Problem
From the listing below, output only the lines starting at the line that has "KuPS vs Turku" and ending at the line that has "server setup", exactly as they appear, ends included.

:: Data extract

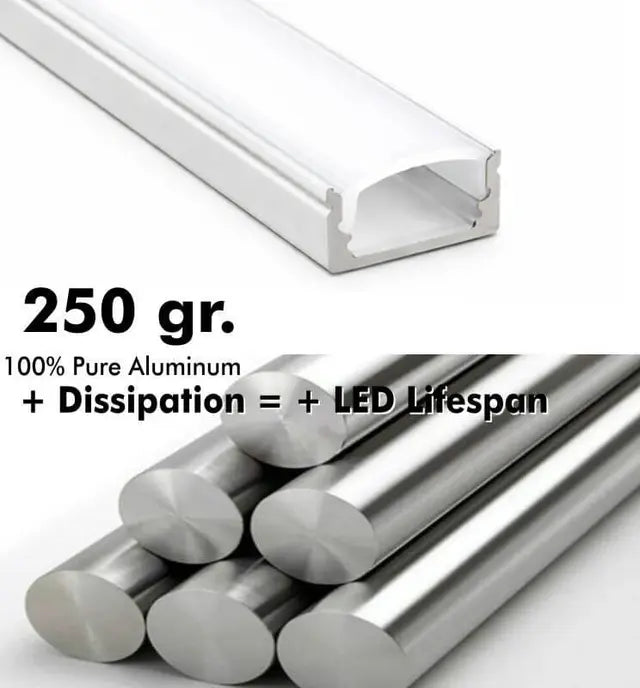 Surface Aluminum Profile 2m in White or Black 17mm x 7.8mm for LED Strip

::::
:: Data extract

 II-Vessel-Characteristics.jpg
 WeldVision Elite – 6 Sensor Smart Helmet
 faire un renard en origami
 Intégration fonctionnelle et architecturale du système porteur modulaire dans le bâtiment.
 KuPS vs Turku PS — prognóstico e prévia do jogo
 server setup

::::

Result
 KuPS vs Turku PS — prognóstico e prévia do jogo
 server setup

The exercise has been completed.